Whenever I hear GoDaddy and Wordpress in the same sentence, I run the other way. I am a freelance Web guy by trade (200+ Wordpress installs) and I can tell you that a Wordpress install should take about five minutes and does not require any coding or technical skills. Most hosting services use Fantastico, which is a one-click installer. 

Why I run the other way. A couple years ago, I did a Wordpress site for a client who was hosted on GoDaddy (he had a thing for Danica Patrick). The five minute install took over 72 hours to complete and that included 3 hours on the phone with the pleasant but clueless tech support. 

GoDaddy is okay for domain registrations, but horrible for hosting, especially if you are in business. 
If you are starting out, you are much better off getting a shared hosting plan (about $8/month) from companies like Hostgator, Bluehost, Dreamhost, Media Temple, Lunarpages....


----------



## veedub3 (Mar 29, 2007)

If it took 72 hours to install Wordpress then there must have been a bigger issue because that is definitely not the norm. Also the poster was trying to install Wordpress on an InstantPage which can't be done because it is just a single free page with limitations given to you when you buy a Godaddy domain. He needed a hosting account which he didn't have which is why he was running into problems. I have about 30+ Wordpress sites installed on Godaddy now and not one took more than a few minutes to install.


----------



## ocash (Jun 14, 2011)

All is well and comeplete, but Veedub3 hit the nail on the head, thanks anyway for your comments, much appreciated.

-Oliver Cash


----------



## veedub3 (Mar 29, 2007)

ocash said:


> All is well and comeplete, but Veedub3 hit the nail on the head, thanks anyway for your comments, much appreciated.
> 
> -Oliver Cash


You are welcome, glad you got it all straightened out.


----------



## newinkology (Sep 8, 2011)

Somethings up for sure. I have deleted and reinstalled wordpress 3x over on godaddy in the matter of an hour. In all honesty I am not a fan of godaddy period. Their service is laughable. Anytime you need to talk to anyone it turns into a sales call, even if you are calling complaining about the very same product. Why would I want to subscribe for a year of something when the product doesnt even work as advertised? lame...


----------



## alstephen (Jul 21, 2011)

newinkology said:


> Somethings up for sure. I have deleted and reinstalled wordpress 3x over on godaddy in the matter of an hour. In all honesty I am not a fan of godaddy period. Their service is laughable. Anytime you need to talk to anyone it turns into a sales call, even if you are calling complaining about the very same product.
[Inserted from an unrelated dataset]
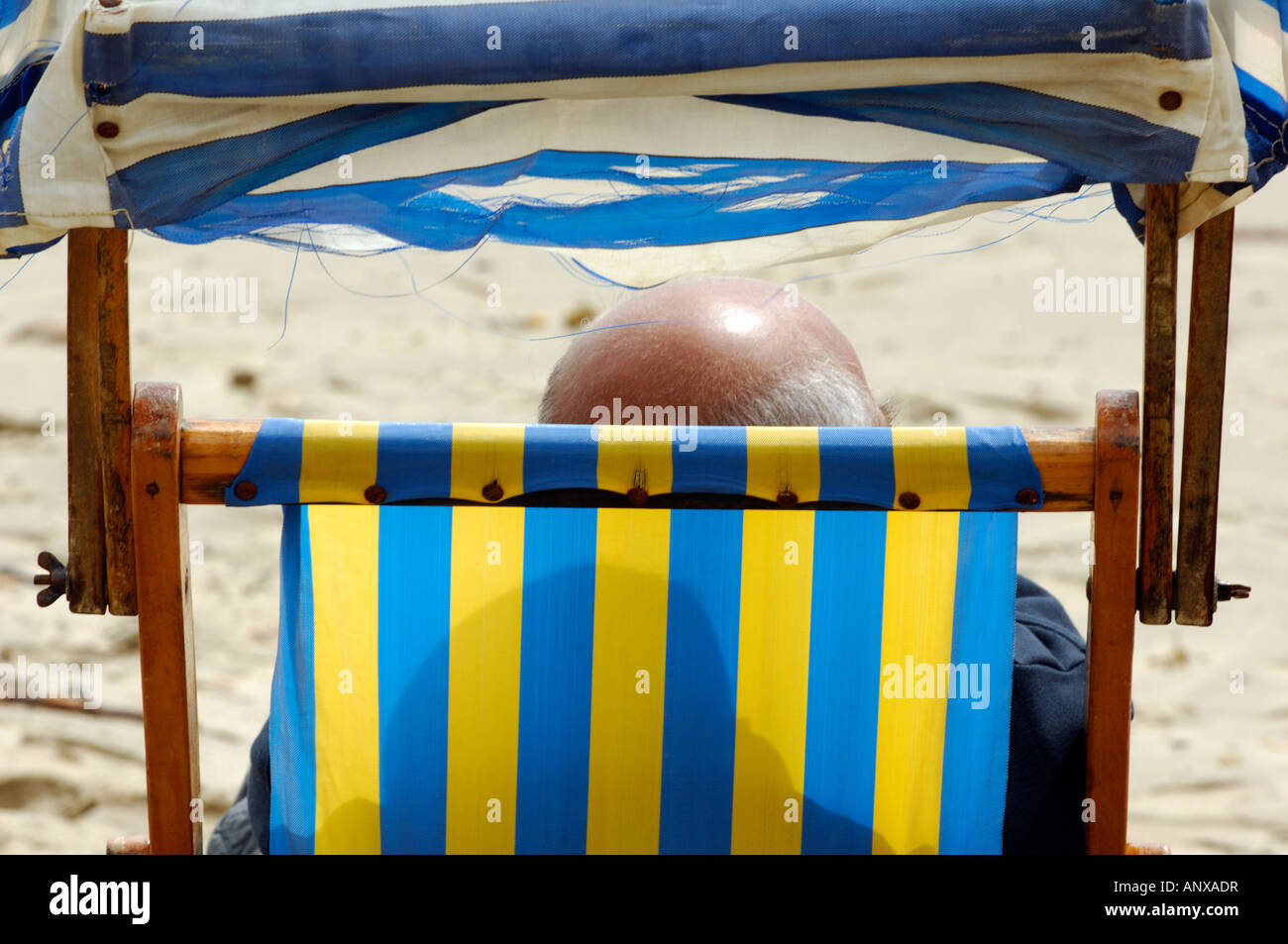 Un vecchio uomo o pensionato anziano gentiluomo seduto in una sedia a sdraio in spiaggia al sole con una testa calva Foto Stock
Why would I want to subscribe for a year of something when the product doesnt even work as advertised? lame...


Sorry to hear about your troubles. I never had any support issues with GoDaddy.


----------



## slkmclaren (Dec 25, 2011)

WordPress installation with GoDaddy right now is automatic. They have this WordPress hosting plan in which if you subscribe they will do the installation and will notify you if the installation is done.

As for the TS problems is concern, he should hire a PRO to create the website. GoDaddy's WebSite Tonight is a good designer for starters not bad at all especially if you're given a 1 page free website just to announced to the world that you have this domain.

I have 2 certified domains registered under godaddy and I never had support issues. It may take a while sometimes but they sure do reply to you support issues.

As for WordPress installation, these should be done by technical person since it will involve some technical issues such as creating MySQL database for WordPress to used. And yes, their 5 minute slogan installation is true if your technical enough.


----------